Back in Victorian times, there was quite a fashion for jewellery that moved. For example, there were all sorts of rings with tops that wobbled or rocked . I think that the modern-day term might be kinetic jewellery, but they called the style "en tremblant".
Translated from the French, it means trembling, and I would be hard-pressed to find a better term to describe the way that stones in their little baskets move at even the slightest touch.
Maybe this close-up will help you imagine it better.
This is the second set that I've made designed along these lines (hence the "II"). The first design worked very well, but these work even better. I think that it is the slightly heavier settings for the stones and one little jump-ring less in the way they are hung that makes the difference, but they just seem to jiggle about incessantly.
Be prepared to have people staring mesmerised at your chest.
The close-up (which should expand if you click on it) also shows the finish in rather more detail. I initially intended to finish these with a high polish, especially on the plate behind each of the stones, the idea being that each would form a mirror to accentuate the movement of the stones.
No: too gaudy (IMO).
Getting a nice, even matt finish proved quite tricky but it was worth it, I think. In fact, the slight roughness adds some subtle sparkle to the metal (I would expect that to soften over the years).
If you ever need reminding of the variability of photography, computers, t'interweb and the limitations of my own photographic skills, this might do it for you. On my monitor, the colour of the gold in the photo above looks about right, but the tanzanites are a bit washed out - they look more like blue topaz. So, I tried different light angles etc. and got some more of the intensity and purple tinge of the tanzanite, but now the gold is starting to look a bit coppery. Heh, ho.
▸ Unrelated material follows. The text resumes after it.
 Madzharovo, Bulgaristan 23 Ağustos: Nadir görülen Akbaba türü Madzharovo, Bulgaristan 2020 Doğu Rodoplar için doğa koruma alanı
However, the second photo also makes it easier to see the slight asymmetry of the design.
I bought the 7 tanzanites as a 'pendant set': 6 smaller stones (8x5mm) and one larger one (9x6mm), but decided to eschew the 'obvious' arrangement. Each of the kites of the necklace are a slightly different size, but I still wanted the overall frame of the 'chain' to hang evenly.
Once again, the mathematician in me was called to action, but I think I got the weight and angle calculations about right. This was made to measure for my client, and the 3 middle triangles of the chain from an almost perfect straight line when worn. (my photography bust is a bit smaller, so it hangs slightly differently.)
And who was my 'client'? Yes, I use the term loosely. Neither was it really a commission. Let's just say that when Mrs A. suggested she'd like something nice for her birthday, it was me who went a bit en tremblant. Respect to Rumpole.